Any thoughts on what I may be missing or suggestions on how this workflow could be improved?

Thanks a lot in advance!!

@lfenzo Thanks for reporting. I may be able to help out with the MLJ Standardizer but it would help if you could construct for me a minimum working example - with explicit small dataset - that is tripping the inverse_transform call in your evaluate function. You can construct synthetic data using one of the tools documented here if that helps.

On an unrelated point, I may misunderstand, but you appear to be normalising your test data using a scaling learned from the test data, instead of applying the scaling you learn from train data to both test and train data, for better data hygiene.

That is, instead of

norm_xtrain = MLJ.transform(fit!(xtrain_std_mach), xtrain)
norm_xtest  = MLJ.transform(fit!(xtest_std_mach), xtest)

shouldn’t it be

fit!(xtrain_std_mach)
norm_xtrain = MLJ.transform(train_std_mach, xtrain)
norm_xtest  = MLJ.transform(train_std_mach, xtest)

?

@ablaom Thanks for such a quick reply!

Unfortunately I wasn’t able to reproduce this behavior without having to manually select the training instances from this dataset.

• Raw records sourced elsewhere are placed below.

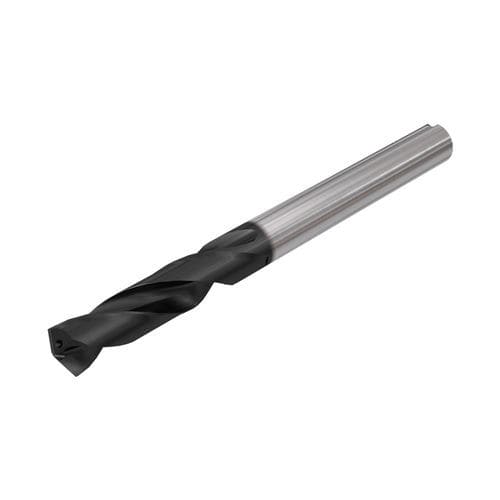 实心钻头 - SCD  series - ISCAR Tools/伊斯卡 - 多用途 / 碳化物 / 带内部冷却剂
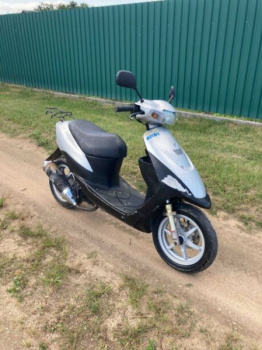 Suzuki ZZ inch up sport, 2000 г.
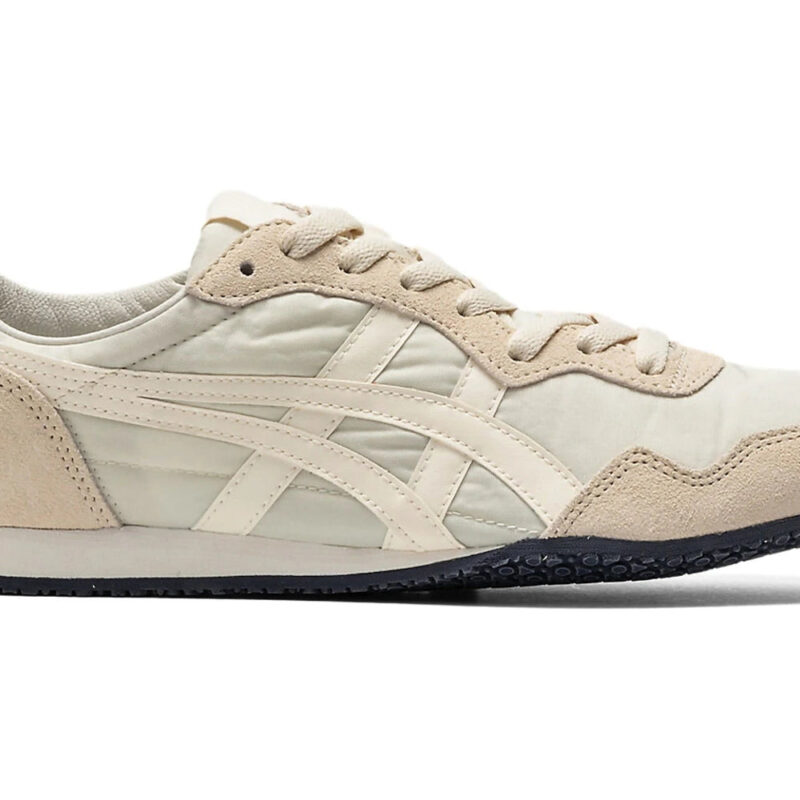 Onitsuka Tiger Serrano Oatmeal Cream Men's - 1183B400-252 - US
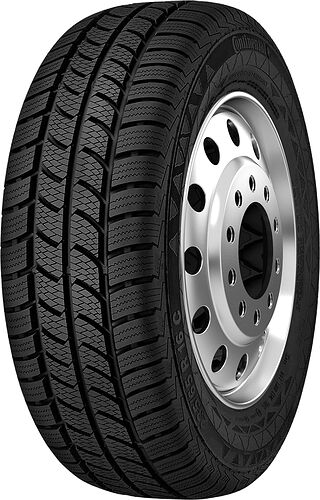 Continental VancoWinter 2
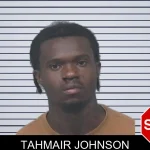 Tahmair Johnson mugshot – Gwinnett County , Georgia Tahmair Johnson mugshot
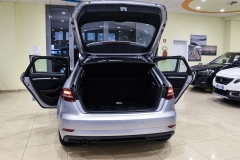 AUDI A3 Spb 1.6TSI 116CV Business 11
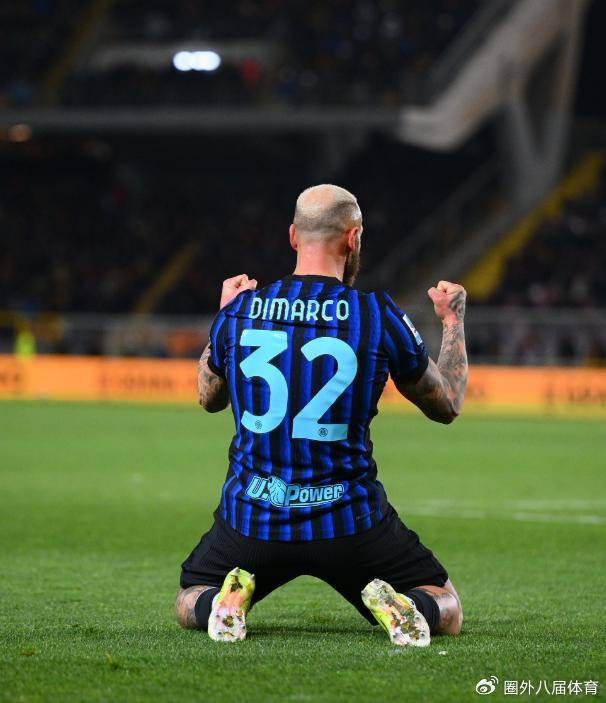 国际米兰逆转科莫挺进意大利杯决赛 冲击双冠王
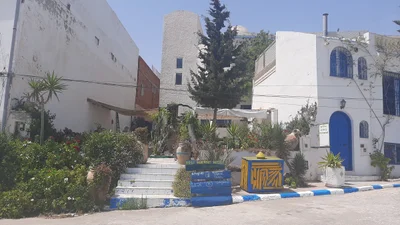 Hergla - Photo 5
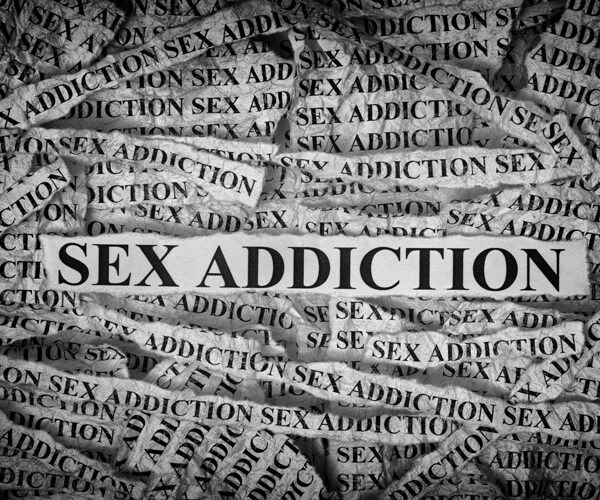 Sex Addiction a Diagnosable Mental Disorder, WHO Now Says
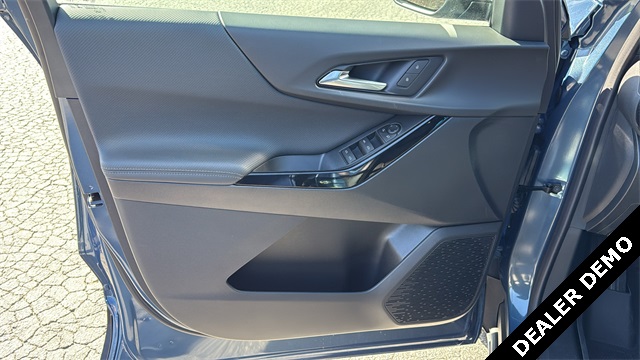 new 2026 Chevrolet Equinox car, priced at $30,820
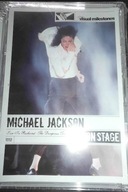 Koncert Michael Jackson Live In Bucharest Dangerous w FOLII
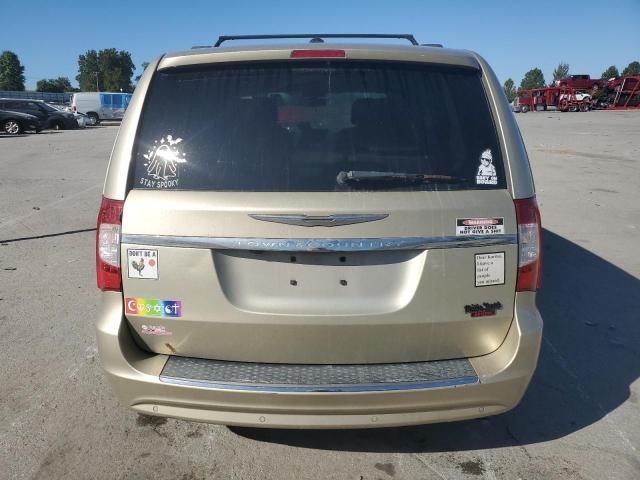 Aukcja sprzedaży 2011 Chrysler Town & Country, vin: 2A4RR5DG3BR746656, numer aukcji: 70378065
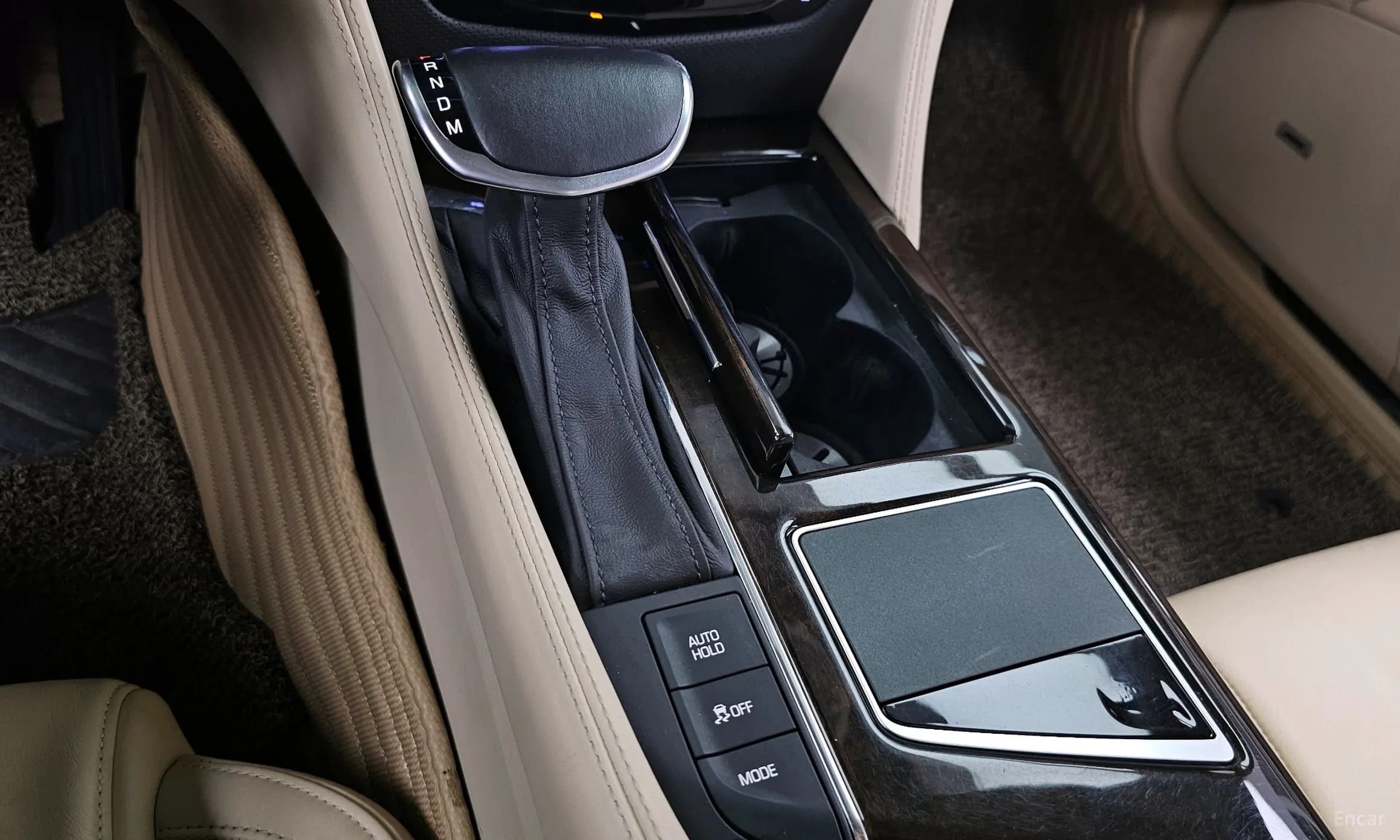 CT6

The good thing, though, is that I managed to solve problem #1 by just not scaling all the features in x. I took a look in describe(x) (something I should have done earlier) and noticed that most of the features had their values ranging from 0 to 1. Somehow that dataset was already preprocessed in that sense. As the NaN values propagate through operations, what I believe that happened is that because of this “second normalization” NaNs were being introduced in some features of the norm_xtest causing the prediction to be a vector of NaNs when the multiplications of inference were applied.

Now the problem seems a little easier: converting the transposed arrays created at preprocessing back to DataFrames in order to inverse_transform them inside evaluate() to get the predictions in the original scale (something I haven’t figured out how to do yet). Is there a better way to do this whole evaluation process?

On an unrelated point, I may misunderstand, but you appear to be normalising your test data using a scaling learned from the test data, instead of applying the scaling you learn from train data to both test and train data, for better data hygiene.
That is, instead of (…) shouldn’t it be (…) ?

Yes! As I was copying and pasting I didn’t pay attention to this and it was left untouched. (kinda embarrassing…) Thanks for spotting that!

Thank you!

You could try using MLJ for the entire pipeline by using MLJFlux and MLJ’s built-in evaluate! apparatus.

It looks like you’re doing regression, right? Then you can check out this Boston dataset example. In your case, the builder is defined by this code:

builder = MLJFlux.@builder Chain(
        Dense(n_in, 100, relu),
        Dense(100, 100, relu),
        Dense(100, 1, sigmoid)

The example also shows how to incorporate standardisation using an MLJ @pipeline.

The same repos also have classification examples.

If your using very large datasets (eg, images) that do not fit into memory, then MLJFlux is not currently an option. You might check out the FastAI.jl project, which is specific to “deep learning” (MLJ is multiparadigm).